The first standardized rules were established in New York City, on September 9, 1895. In that year, the American Bowling Congress (ABC) was formed. The female equivalent, the Women's International Bowling Congress (WIBC) was founded later, in 1917. Later, the Young American Bowling Alliance (YABA) became the sanctioning body for junior bowling.
Originally, pinspotters manually set up pins. However, in 1952, the first automatic pinsetters were commercially produced, greatly speeding up the game and allowing its popularity to blossom.
Since bowling was an indoor sport without extreme movements, several early television shows featured bowling, including "Championship Bowling," "Make That Spare," "Bowling For Dollars," and "Celebrity Bowling."
The Professional Bowlers Association (PBA) was founded in 1958 by Eddie Elias. While the first season only featured three events, the tour blossomed, especially after joining the ABC's Saturday afternoon time slot in 1961. Through the years, professional bowling on ABC typically outdrew college basketball, even in its final days on the network in the late 1990s. The PBA continues to showcase the best bowlers in the world, with telecasts currently on ESPN.
In 2005, the ABC, WIBC, and YABA merged to form the United States Bowling Congress (USBC) to serve as the single sanctioning body for all American bowling.
In the UK, the other largest Ten-pin bowling countries advocates as oppossed ot the USA, their is the British Tenpin Bowling Association (BTBA) which was formed on 26th May 1961. Although the PBA is a world-wide organisation which many prfessional British ten-pin bowling players, the UK version is the Premier Tenpin Bowling Club (PTBC).
Forms
Most forms of bowling may be categorized as either indoor or outdoor. Most indoor forms are played on a "lane", a flat surface made of wood or a synthetic imitation, which is several times longer than it is wide.
Included in the indoor category:
- Ten-pin bowling, which evolved from ninepin bowling in the 19th Century.
- Five-pin bowling, played in Canada.
- Nine-pin skittles
- Candlepin bowling, played in eastern Canada and northern New England, is a variation of ten-pin bowling.
- Duckpin bowling, commonly found in the mid-Atlantic and southern New England United States and eastern Canada, is a variation of ten-pin bowling involving small, squat pins, sometimes with rubber at their widest points (rubber band duckpin bowling).
- Feather Bowling (Belgian trough bowling) originated in Belgium and is played in Mount Clemens, Michigan.
- Cocked Hat
For nearly a century, ten-pin bowling lanes had a surface made of wood. Beginning about 1980, most ten-pin lane surfaces have been converted to or built with a synthetic material imitating a wooden surface. In ten-pin bowling, a building containing many lanes has traditionally been called a bowling "alley" but in more recent times, to upgrade the image of the sport, bowling "center" is preferred.
The second category of bowling is usually played outdoors on a lawn. Here the players throw a ball, which is sometimes eccentrically weighted, in an attempt to put it closest to a designated point.

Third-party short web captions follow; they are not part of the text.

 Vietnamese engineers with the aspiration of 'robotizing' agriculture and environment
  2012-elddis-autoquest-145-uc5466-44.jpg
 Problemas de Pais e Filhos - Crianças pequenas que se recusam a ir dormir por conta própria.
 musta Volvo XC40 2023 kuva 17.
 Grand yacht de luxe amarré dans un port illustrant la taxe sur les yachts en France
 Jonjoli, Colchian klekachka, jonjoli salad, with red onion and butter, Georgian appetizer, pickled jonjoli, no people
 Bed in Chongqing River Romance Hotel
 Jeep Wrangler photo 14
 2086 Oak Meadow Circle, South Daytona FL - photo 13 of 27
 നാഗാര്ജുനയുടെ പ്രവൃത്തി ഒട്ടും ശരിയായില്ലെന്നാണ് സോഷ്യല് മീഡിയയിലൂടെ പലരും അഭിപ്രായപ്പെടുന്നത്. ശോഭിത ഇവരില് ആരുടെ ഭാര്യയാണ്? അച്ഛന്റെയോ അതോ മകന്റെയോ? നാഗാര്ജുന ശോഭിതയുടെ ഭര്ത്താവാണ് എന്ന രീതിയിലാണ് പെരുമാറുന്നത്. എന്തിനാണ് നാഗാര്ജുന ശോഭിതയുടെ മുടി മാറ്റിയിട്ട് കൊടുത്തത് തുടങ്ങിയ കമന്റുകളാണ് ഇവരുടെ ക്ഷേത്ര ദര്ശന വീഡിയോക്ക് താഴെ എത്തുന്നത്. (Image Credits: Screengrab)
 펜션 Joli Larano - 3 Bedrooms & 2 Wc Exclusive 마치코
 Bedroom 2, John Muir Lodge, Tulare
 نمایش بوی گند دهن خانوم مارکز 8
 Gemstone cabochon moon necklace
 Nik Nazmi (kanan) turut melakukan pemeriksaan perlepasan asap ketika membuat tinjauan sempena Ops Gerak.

Included in the outdoor category:
Basic Rules
A game of bowling consists of 10 frames. The goal is to knock down all ten pins on the first shot, earning a strike. If the bowler fails to knock down all ten pins on the first shot, they take a second shot. If the bowler knocks down all of the pins after this second shot, he or she earns a spare. In the 10th, and last frame, a bowler who gets a strike on his or her first shot gets to throw two additional balls. A bowler who gets a spare in the 10th frame gets to throw one additional ball.
If a bowler earns a strike on the first ball, it is scored as ten, plus the count the bowler achieves on the next two balls. For example, if a bowler earns a strike in the first three frames, the bowler will earn 10 pins for the first shot, plus ten more for each of the additional strikes, yielding a score of 30 for the first frame.
When a bowler gets a spare, he or she gets 10 pins, plus the score on the next ball. For example, if a bowler gets a spare in the first frame, and then knocks down 9 pins on the first ball of the second frame, he or she would receive ten pins for the spare, plus nine, yielding a first frame score of 19.
League Play
Traditionally, a major form of organized bowling has been through league competition. Leagues are typically groups of teams that compete with one another over the course of a 33 to 36 week season. The league season traditionally begins at the end of the summer and ends in the spring.
In most leagues, teams of individuals bowl three games (called a "series") each. A typical league will schedule two teams to compete against one another each week. Usually the winner of each game is decided by adding up the scores of all teammates. Leagues typically decide standings by awarding a certain number of points for each team game win. Additionally, points are usually awarded for total pincount for each team over the course of all three games (commonly referred to as "total wood"). Throughout the course of a season, each team will usually face all of the other teams in competition.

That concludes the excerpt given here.